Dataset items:
----

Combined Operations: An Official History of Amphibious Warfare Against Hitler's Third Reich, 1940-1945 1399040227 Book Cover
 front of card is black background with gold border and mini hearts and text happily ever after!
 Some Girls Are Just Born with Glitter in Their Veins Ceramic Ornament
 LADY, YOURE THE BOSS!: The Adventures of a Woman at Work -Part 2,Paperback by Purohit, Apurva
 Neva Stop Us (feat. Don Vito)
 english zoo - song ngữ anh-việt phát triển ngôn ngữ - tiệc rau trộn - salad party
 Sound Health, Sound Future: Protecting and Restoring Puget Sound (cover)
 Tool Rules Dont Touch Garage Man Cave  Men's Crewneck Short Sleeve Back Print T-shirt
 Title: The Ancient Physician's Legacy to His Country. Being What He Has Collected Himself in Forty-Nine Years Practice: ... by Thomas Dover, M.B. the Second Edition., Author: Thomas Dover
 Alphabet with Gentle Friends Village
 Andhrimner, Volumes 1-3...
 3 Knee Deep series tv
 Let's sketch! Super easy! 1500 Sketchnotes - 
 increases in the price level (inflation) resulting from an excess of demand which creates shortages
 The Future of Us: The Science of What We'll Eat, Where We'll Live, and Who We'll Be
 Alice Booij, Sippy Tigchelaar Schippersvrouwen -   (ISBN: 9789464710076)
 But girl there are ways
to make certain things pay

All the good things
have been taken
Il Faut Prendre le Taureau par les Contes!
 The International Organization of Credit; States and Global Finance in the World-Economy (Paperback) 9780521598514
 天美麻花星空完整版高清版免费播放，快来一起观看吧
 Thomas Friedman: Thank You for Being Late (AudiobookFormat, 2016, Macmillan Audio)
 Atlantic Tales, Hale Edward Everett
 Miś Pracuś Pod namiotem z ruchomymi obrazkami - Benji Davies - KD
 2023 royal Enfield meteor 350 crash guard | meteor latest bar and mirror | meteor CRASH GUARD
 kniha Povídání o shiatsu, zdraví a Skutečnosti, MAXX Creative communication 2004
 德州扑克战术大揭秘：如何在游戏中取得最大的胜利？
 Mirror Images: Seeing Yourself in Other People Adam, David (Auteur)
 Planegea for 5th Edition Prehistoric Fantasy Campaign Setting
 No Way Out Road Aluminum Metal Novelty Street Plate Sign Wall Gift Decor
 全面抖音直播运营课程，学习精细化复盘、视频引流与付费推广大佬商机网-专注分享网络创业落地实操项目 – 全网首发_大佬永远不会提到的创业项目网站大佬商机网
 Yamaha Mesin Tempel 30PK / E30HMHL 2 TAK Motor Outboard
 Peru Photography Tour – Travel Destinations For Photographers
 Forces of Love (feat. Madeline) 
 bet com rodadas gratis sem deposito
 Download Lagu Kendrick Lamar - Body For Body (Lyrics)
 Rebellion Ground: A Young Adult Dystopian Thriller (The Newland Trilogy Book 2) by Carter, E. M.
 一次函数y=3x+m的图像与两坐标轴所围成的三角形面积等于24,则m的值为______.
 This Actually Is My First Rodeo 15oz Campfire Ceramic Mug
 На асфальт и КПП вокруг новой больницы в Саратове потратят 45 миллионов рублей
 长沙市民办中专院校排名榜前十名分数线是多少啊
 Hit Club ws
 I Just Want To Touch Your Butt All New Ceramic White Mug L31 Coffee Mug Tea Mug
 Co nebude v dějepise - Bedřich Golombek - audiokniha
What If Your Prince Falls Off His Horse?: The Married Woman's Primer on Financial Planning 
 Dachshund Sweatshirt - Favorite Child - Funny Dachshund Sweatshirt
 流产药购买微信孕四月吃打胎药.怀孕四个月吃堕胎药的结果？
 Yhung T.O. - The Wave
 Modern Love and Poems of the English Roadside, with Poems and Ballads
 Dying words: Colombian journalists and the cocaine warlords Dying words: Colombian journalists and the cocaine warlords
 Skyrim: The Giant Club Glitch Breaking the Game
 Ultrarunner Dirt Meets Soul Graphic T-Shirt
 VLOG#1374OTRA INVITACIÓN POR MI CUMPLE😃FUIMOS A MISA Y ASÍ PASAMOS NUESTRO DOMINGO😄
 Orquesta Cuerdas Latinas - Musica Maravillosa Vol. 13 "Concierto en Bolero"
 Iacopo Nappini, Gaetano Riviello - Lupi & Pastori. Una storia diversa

----

* [Your assignment] Would you retype exactly the lines above, from the line with "LADY, YOURE THE" to the line with "Tool Rules Dont", with both end lines kept and nothing more?

* [Answer section]
 LADY, YOURE THE BOSS!: The Adventures of a Woman at Work -Part 2,Paperback by Purohit, Apurva
 Neva Stop Us (feat. Don Vito)
 english zoo - song ngữ anh-việt phát triển ngôn ngữ - tiệc rau trộn - salad party
 Sound Health, Sound Future: Protecting and Restoring Puget Sound (cover)
 Tool Rules Dont Touch Garage Man Cave  Men's Crewneck Short Sleeve Back Print T-shirt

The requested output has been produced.